Nie jest przy tym rolą obrońcy kwestionowanie pochodzenia obrażeń, skoro nie zrobił tego biegły z zakresu medycyny sądowej. To, że Z. C. zachowywał się „jak w amoku” nie wskazuje, z jaką siłą zadawał ciosy, dowolne jest więc twierdzenie, że obrażenia powinny być poważniejsze. Niezrozumiałym jest z kolei zarzut, że J. P. nie pamiętał wyglądu przedmiotu, wszak wskazał on, że wyglądał jak sztyl od łopaty.

Idąc dalej, nie można dyskwalifikować zeznań świadków, tylko dlatego że ich wiedza pochodziła od pokrzywdzonego. Po pierwsze, kodeks postepowania karnego nie dzieli dowodów na lepsze i gorsze z uwagi na ich źródło pochodzenia, po drugie zaś świadkowie nie mieli powodów by zeznawać nieprawdę. W niniejszej sprawie zeznania świadków, a zwłaszcza funkcjonariusza policji potwierdziły wersję przedstawioną przez J. P., zaś w połączeniu z opinią biegłego i dokumentacją lekarską pozwoliły na odtworzenie przebiegu zajścia i dalszych zdarzeń. A już z pewnością zaliczenie tych zeznań w poczet materiału dowodowego i ocena ich nie stanowi uchybienia przepisowi art. 7 k.p.k.

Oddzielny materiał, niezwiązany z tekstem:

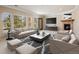 Bright and airy living room boasts a cozy fireplace and large windows, complete with a TV, and stylish furnishings at 7370 S Catawba Way, Aurora, CO 80016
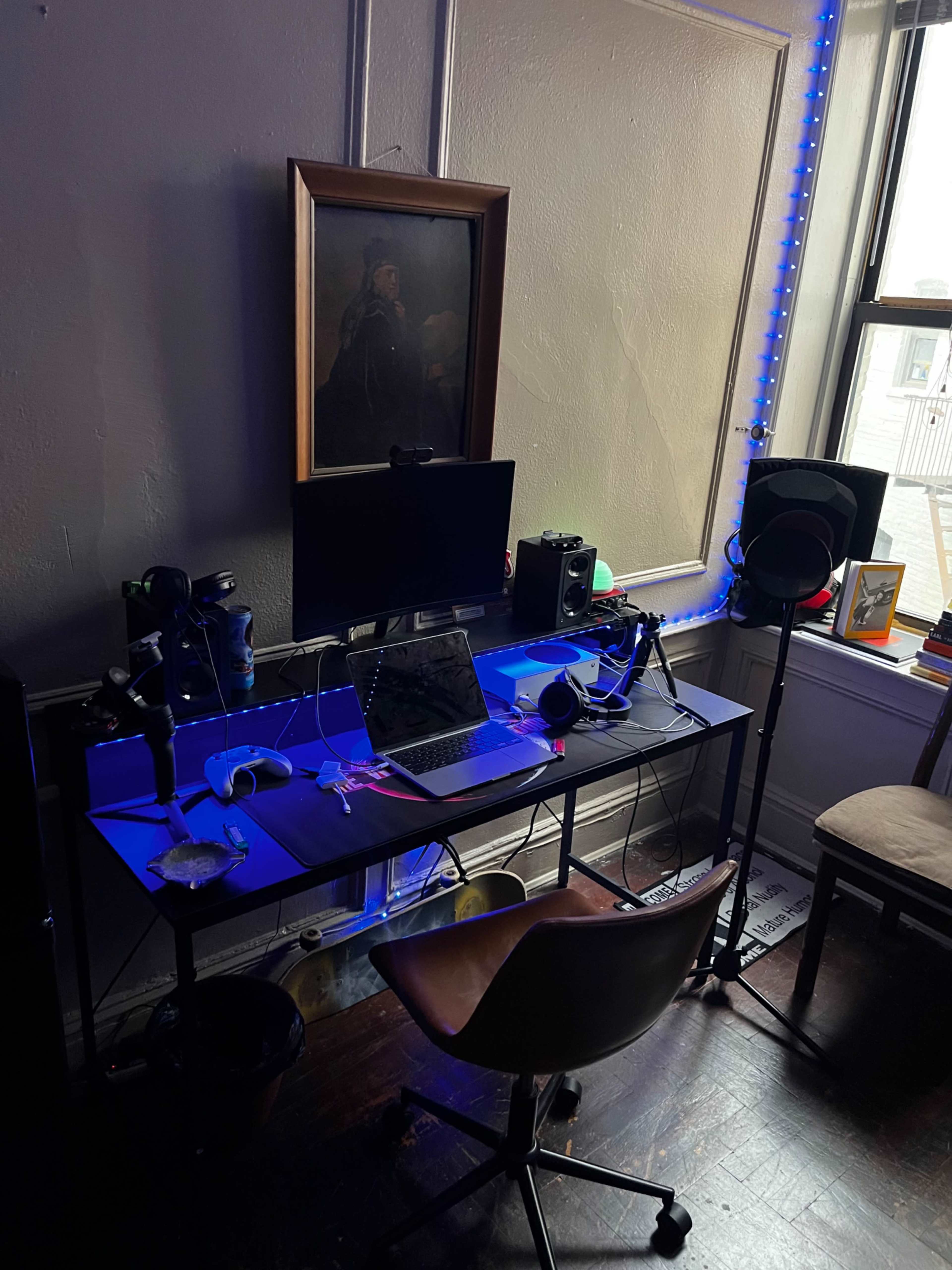A desk setup featuring a computer monitor, a laptop, audio equipment, and a chair, positioned near a window with blue LED lights and a framed artwork on the wall.
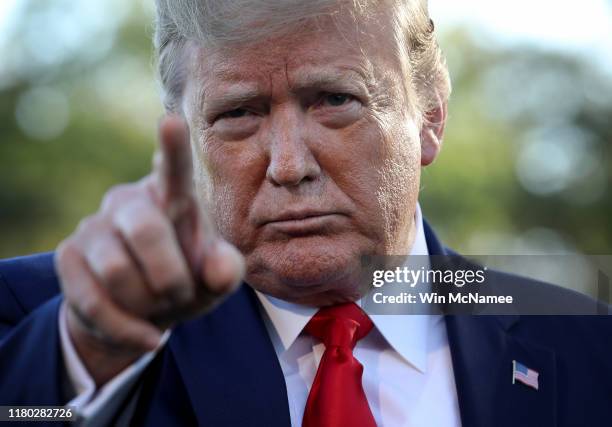 President Donald Trump answers questions before boarding Marine One while departing the White House on October 10, 2019 in Washington, DC. Trump is...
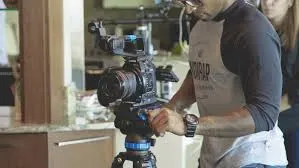 شخص يصور مشهدًا بكاميرا فيديو على حامل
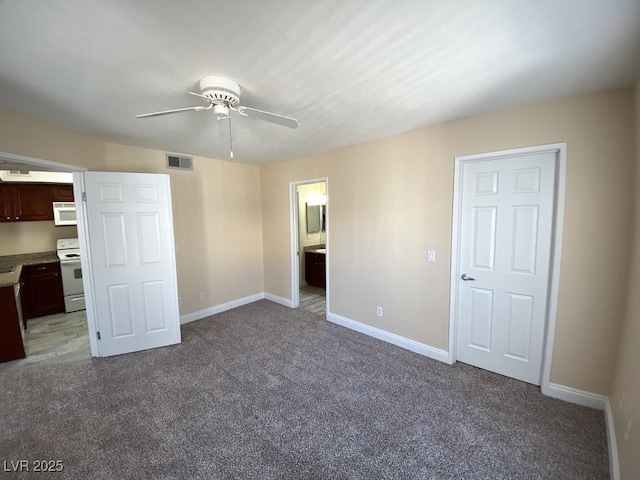 6800 E Lake Mead Blvd Unit 2024, Las Vegas, NV 89156 - unfurnished bedroom with light carpet, ensuite bath, and a ceiling fan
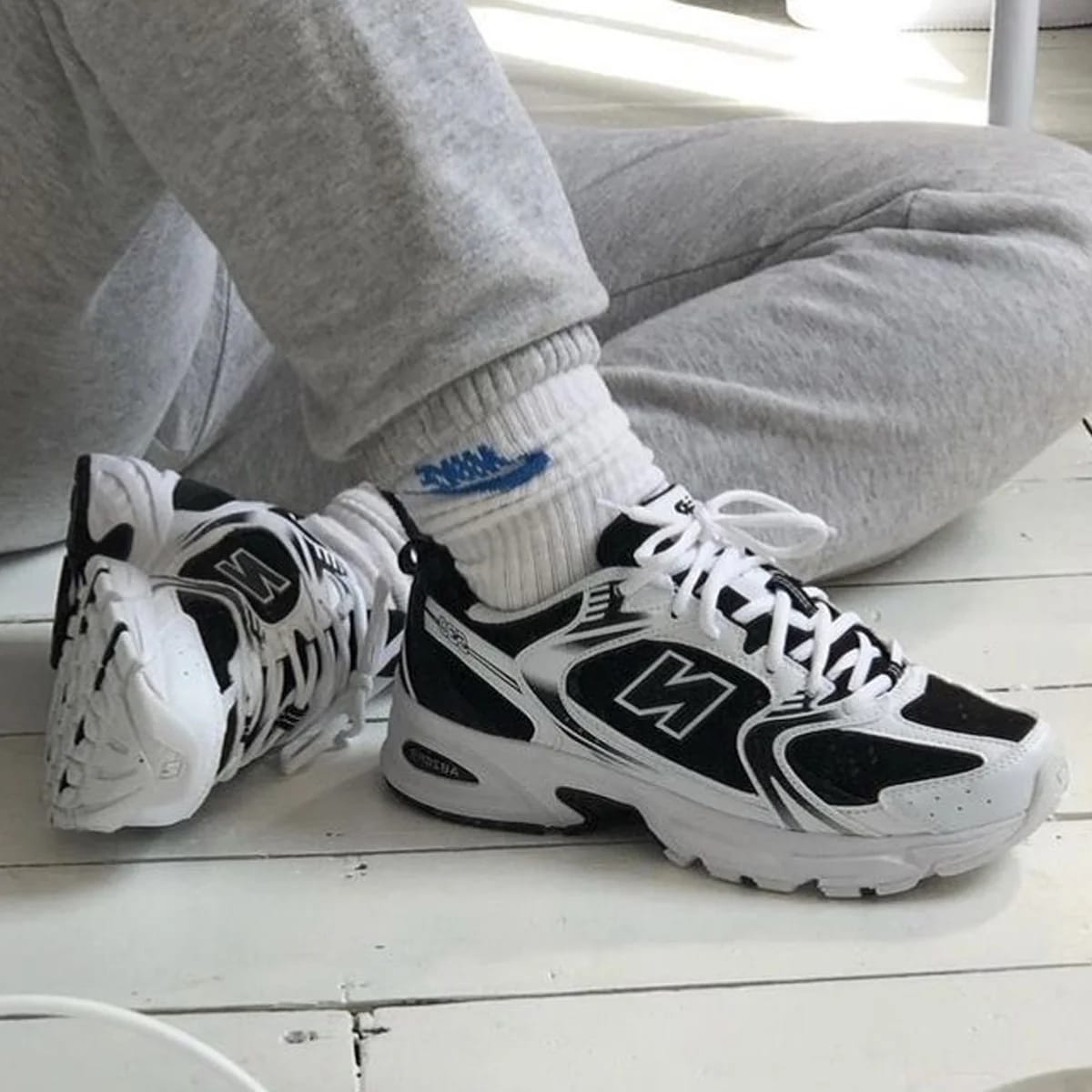 New Balance White & Black Sports Style Sneakers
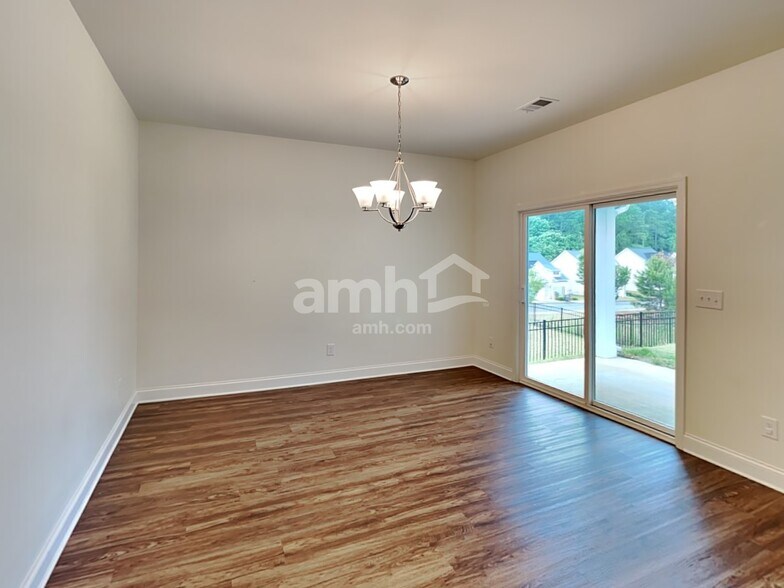 Building Photo - 7077 Creeksong Dr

Dziwi przy tym twierdzenie, że notatnik służbowy jest dokumentem prywatnym – wszak uzupełnia go funkcjonariusz publiczny (policjant) w takcie odbywanej służby i dotyczy wyłącznie podjętych działań i interwencji, w których w ramach służbowych obowiązków uczestniczył. Jest więc to oczywiście dokument urzędowy. Poza tym, kodeks postępowania karnego nie wyklucza dokumentów „prywatnych” jako dowodów, co więcej nie wprowadza takiego rozróżnienia, w przeciwieństwie do kodeksu postepowania cywilnego.

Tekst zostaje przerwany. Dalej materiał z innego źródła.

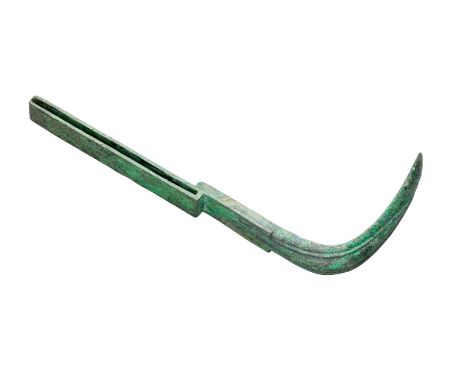 **A GREEK OR ROMAN BRONZE STRIGIL, PROBABLY 500 B.C.- 500 A.D. the blade curved into a right angle, of semicircular section, 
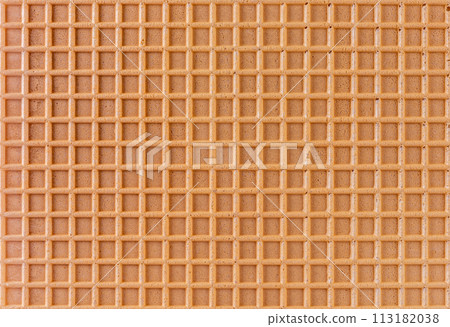 Spelt waffle with a grid pattern as background 113182038
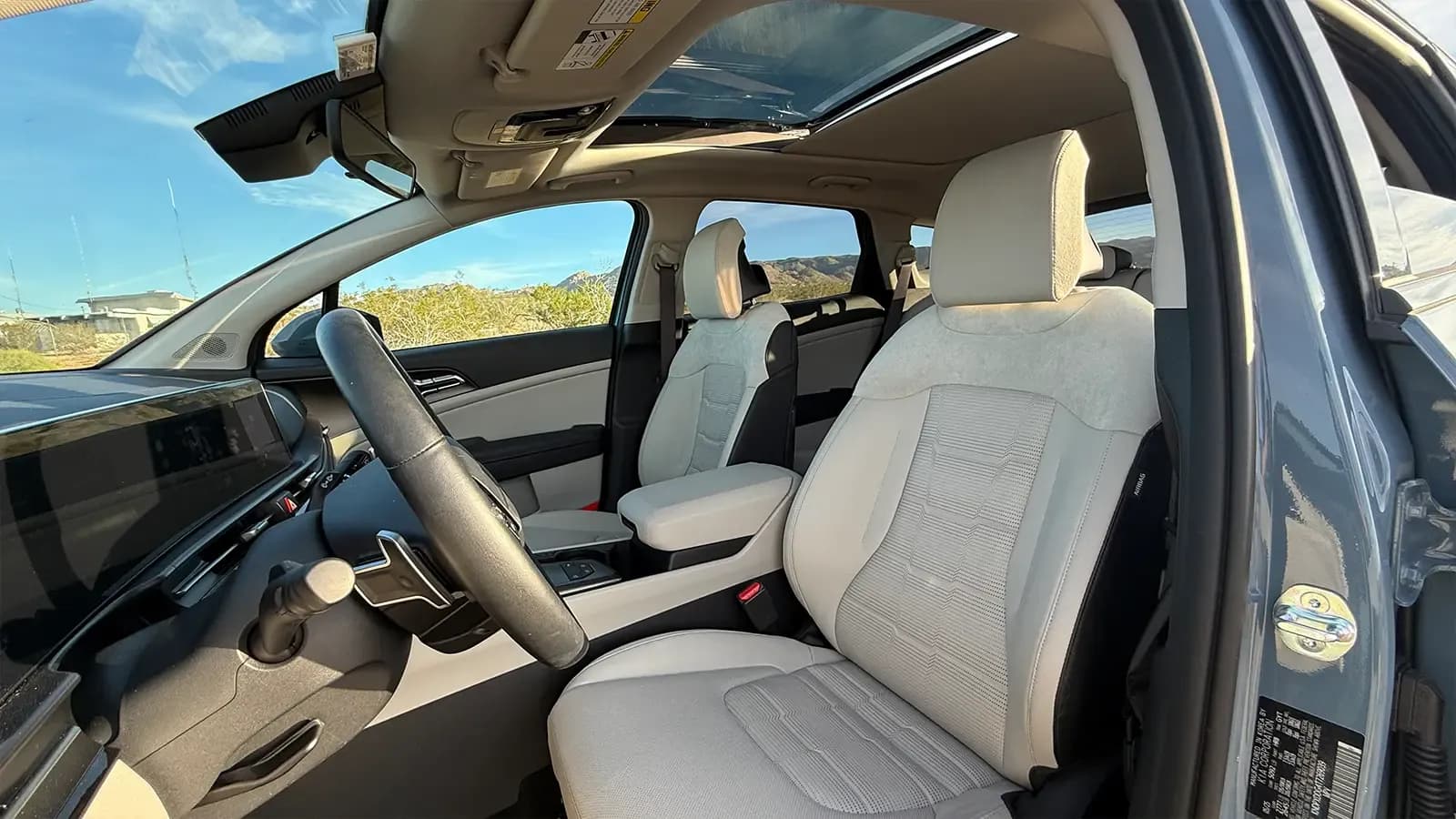 A 2026 Kia Sportage interior driver side view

Ostatecznie zaś, nie można podzielić argumentu, że stwierdzone u pokrzywdzonego obrażenia nie pochodzą z dokumentacji medycznej. Zostały one bowiem opisane w dokumentach udzielenia pomocy na szpitalnym oddziale ratunkowym, a następnie wskazane w opinii biegłego. Co prawda nie zostały one opisane precyzyjnie (na co zwrócił uwagę biegły), jednak wprost wskazano, że stwierdzono u pokrzywdzonego stłuczenia głowy, łokcia, przedramienia lewego i uda lewego.

Co równie istotne przecież w niniejszej sprawie nie ma my do czynienia z dwoma wersjami stanu faktycznego. Oskarżony w swoich wyjaśnieniach przedstawił tylko okoliczności zaistniałe już po zdarzeniu, a więc w istocie nawet on sam w swoich wyjaśnianiach nie wskazał aby zadurzenie miała odmienny przebieg od tego jaki został ustalony przez Sąd I instancji.

Konkludując, żaden z argumentów skarżącego nie mógł podważyć trafności wyroku Sądu I instancji. Wobec stwierdzenia więc, iż nie uchybiono wskazaniom wiedzy lub logicznego rozumowania, ani też nie wykroczono poza ramy swobodnej oceny, brak jest podstaw do wzruszenia orzeczenia.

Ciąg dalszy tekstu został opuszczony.